This post is a part of our Bioethics in the News series.
By Hannah Giunta, MPH, PhD
Questions about end-of-life care are always vexing, but a recent article in U.S. News and World Report suggests that cancer patients continue to receive useless but harmful treatments at the end of life (Thompson, 2016). A new research study presented at the American Society of Clinical Oncology’s (ASCO’s) annual meeting revealed that a big part of the problem comes from a lack of meaningful dialogue among physicians, patients, and family members. Indeed, in many cases, serious discussions never take place. Dr. Ronald Chen, a radiation oncologist at the University of North Carolina’s Lineberger Comprehensive Cancer Center, and his colleagues examined de-identified claims data from patients younger than 65 with advanced cancer who died between 2007 and 2014 and were enrolled in Blue Cross Blue Shield insurance plans.
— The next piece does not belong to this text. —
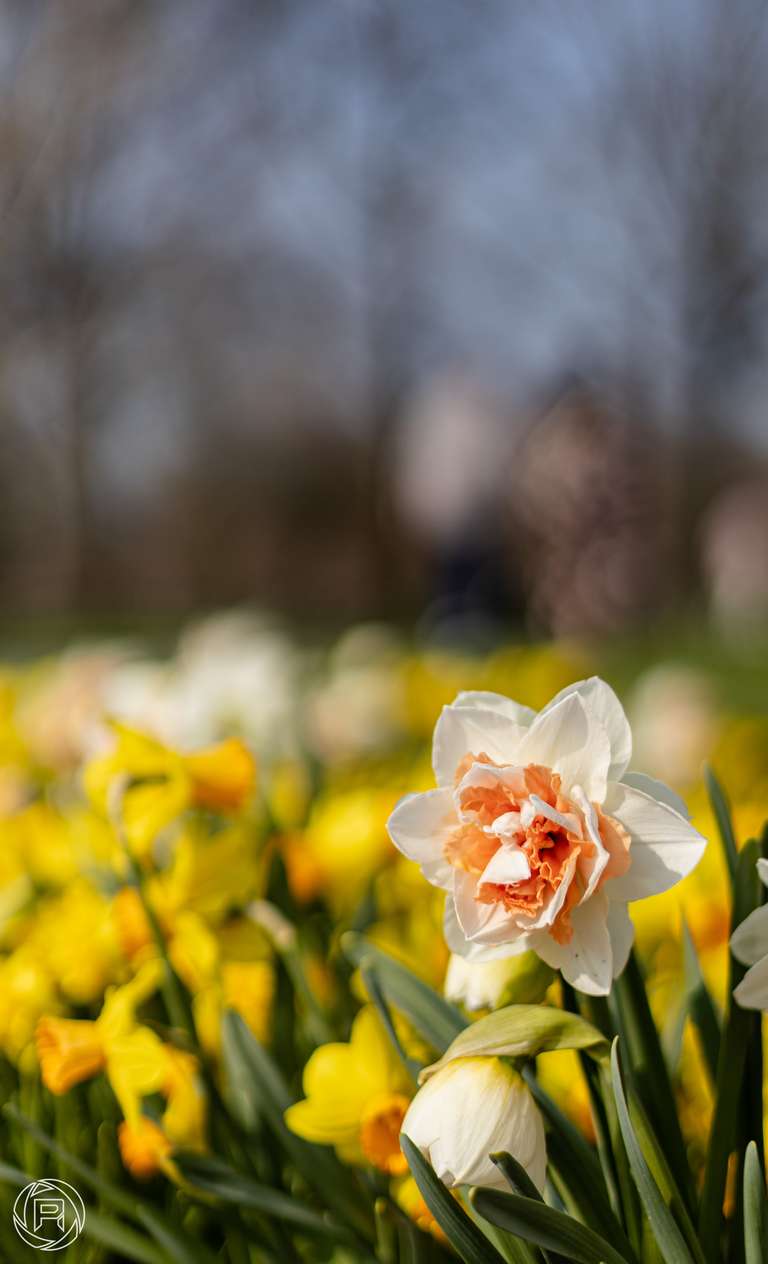 ISO: 100 | Focal Length: 50 mm | Aperture: ƒ/1,8 | Shutter Speed: 1/4000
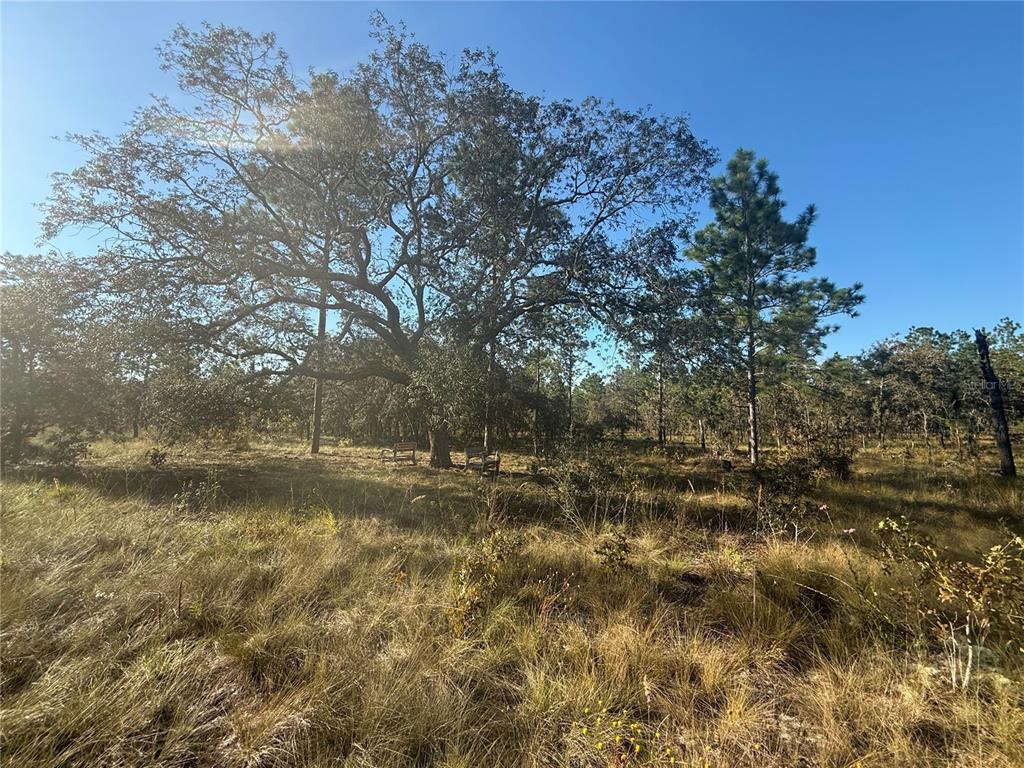 00 SE 73RD LANE, MORRISTON, FL — photo 5 of 26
They found that nearly three-quarters of patients with a variety of advanced cancers received aggressive care within the last 30 days of life—a proportion that remains virtually unchanged even after the ASCO issued warnings to physicians about the harm of such treatments in 2012 (Begley, 2016). Unfortunately, these treatments are not only unlikely to help but can be quite harmful. Andrew Epstein, an ASCO palliative care expert, explains, “Much more often than not, these types of care at the end of life are not helpful, and they are emotionally and physically harmful for patients, and emotionally harmful to the patients’ loved ones” (Thompson, 2016).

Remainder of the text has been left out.